Si stringe quindi un nuovo legame tra India e Usa in funzione anticinese, anche se l’India si è astenuta nelle votazioni Onu sulle malefatte russe in Ucraina e anche se il presidente indiano, Narendra Modi, ha acquistato da Mosca i sistemi di difesa aerea S-400. Tuttavia, Modi ha anche aderito all’alleanza Quad on Usa, Australia e Giappone, mentre l’acquisto di armamenti dagli Stati Uniti negli ultimi dieci anni è passato da zero dollari a venti miliardi.

La questione in Pakistan

Buone notizie arrivano dal Pakistan, il secondo peggior nemico dell’India, con il quale è in corso un conflitto strisciante fin dalla fine dell’Impero inglese, causata non solo dalle opposte guerre “sante” induista e musulmana, e non solo dal contenzioso sui confini, che peraltro è più pericoloso nella zona del Kashmir, dove l’India perse una porzione di territorio nel corso del conflitto armato del 1962 contro la Cina che aveva appena assoggettato il Tibet. Imran Khan è il primo premier del Pakistan rimosso con un voto di sfiducia della sua stessa maggioranza e col placet dei militari. Il suo successore reggerà le sorti del Pakistan fino alle elezioni del 2023.

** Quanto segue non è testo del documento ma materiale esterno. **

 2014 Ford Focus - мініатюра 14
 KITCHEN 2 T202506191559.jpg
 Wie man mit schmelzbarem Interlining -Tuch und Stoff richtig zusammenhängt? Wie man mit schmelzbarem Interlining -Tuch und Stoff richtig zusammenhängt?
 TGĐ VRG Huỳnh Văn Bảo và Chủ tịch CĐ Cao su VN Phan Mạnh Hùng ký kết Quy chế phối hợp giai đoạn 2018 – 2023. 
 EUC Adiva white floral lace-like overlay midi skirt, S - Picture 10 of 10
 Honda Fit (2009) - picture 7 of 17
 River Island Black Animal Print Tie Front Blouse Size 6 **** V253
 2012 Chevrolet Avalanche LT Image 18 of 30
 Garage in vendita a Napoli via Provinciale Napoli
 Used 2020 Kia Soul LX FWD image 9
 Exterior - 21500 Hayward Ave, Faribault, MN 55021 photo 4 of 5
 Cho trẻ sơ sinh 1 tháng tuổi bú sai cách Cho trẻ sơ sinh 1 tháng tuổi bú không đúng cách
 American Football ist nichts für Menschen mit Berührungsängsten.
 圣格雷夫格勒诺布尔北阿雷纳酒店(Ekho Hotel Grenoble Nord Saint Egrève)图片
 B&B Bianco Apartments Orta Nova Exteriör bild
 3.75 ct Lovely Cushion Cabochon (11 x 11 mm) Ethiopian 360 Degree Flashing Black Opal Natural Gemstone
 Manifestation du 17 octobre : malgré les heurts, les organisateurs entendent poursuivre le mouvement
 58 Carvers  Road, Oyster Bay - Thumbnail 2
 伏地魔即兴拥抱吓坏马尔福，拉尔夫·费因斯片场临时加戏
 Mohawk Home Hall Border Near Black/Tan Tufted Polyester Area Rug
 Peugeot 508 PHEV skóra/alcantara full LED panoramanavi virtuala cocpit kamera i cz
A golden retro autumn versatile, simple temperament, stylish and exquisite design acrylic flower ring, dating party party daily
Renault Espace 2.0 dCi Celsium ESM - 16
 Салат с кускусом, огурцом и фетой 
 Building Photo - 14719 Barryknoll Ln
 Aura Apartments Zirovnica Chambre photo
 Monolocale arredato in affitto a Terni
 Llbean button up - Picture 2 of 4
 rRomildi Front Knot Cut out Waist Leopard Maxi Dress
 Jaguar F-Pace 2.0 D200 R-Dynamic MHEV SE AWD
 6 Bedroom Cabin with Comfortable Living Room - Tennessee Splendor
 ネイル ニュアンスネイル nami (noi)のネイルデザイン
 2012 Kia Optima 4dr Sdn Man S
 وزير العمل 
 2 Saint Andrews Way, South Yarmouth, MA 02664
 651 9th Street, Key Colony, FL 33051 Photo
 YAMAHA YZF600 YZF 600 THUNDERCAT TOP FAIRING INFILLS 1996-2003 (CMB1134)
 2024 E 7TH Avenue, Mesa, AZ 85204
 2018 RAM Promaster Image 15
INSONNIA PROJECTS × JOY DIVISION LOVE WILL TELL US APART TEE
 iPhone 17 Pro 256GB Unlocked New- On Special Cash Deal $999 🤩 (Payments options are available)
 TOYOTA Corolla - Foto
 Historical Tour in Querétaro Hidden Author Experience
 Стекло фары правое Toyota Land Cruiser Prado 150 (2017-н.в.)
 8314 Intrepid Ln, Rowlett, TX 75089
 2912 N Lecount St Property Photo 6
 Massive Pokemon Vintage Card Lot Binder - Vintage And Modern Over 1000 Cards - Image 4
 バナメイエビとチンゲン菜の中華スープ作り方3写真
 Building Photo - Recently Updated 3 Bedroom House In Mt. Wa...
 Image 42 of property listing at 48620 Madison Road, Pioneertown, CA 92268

A Islamabad l’esercito controlla soprattutto la politica internazionale e la sicurezza interna (il servizio segreto pachistano è uno dei più efficienti al mondo). L’ormai ex presidente Khan, pur essendo stato eletto con l’assenso dei militari (e non per la sua gloria di giocatore di cricket), stava progressivamente allontanando la nazione dalla tradizionale alleanza con gli Usa (molto ambigua, comunque) in nome di un progressivo slittamento nelle braccia della Cina, evidente nel corso della “reconquista” dei pashtun talebani in Afghanistan, rispetto alla quale Islamabad e Pechino non sono certo state estranee. Khan ha reagito alla mozione di sfiducia dichiarandosi “vittima di un complotto americano”, il che però è un leitmotiv dei tiranni almeno dal 1492, quasi tutti nemici del “complotto demo-pluto-giudeo-massone-anglosassone” di cui alti lai levò un certo Benito Mussolini.

Comunque sia l’allontanamento di Imran Khan conferma la tradizionale “collaborazione” del gigante asiatico (221 milioni di abitanti) con l’Occidente, nella speranza che una più ampia parte di democrazia cresca anche in Pakistan.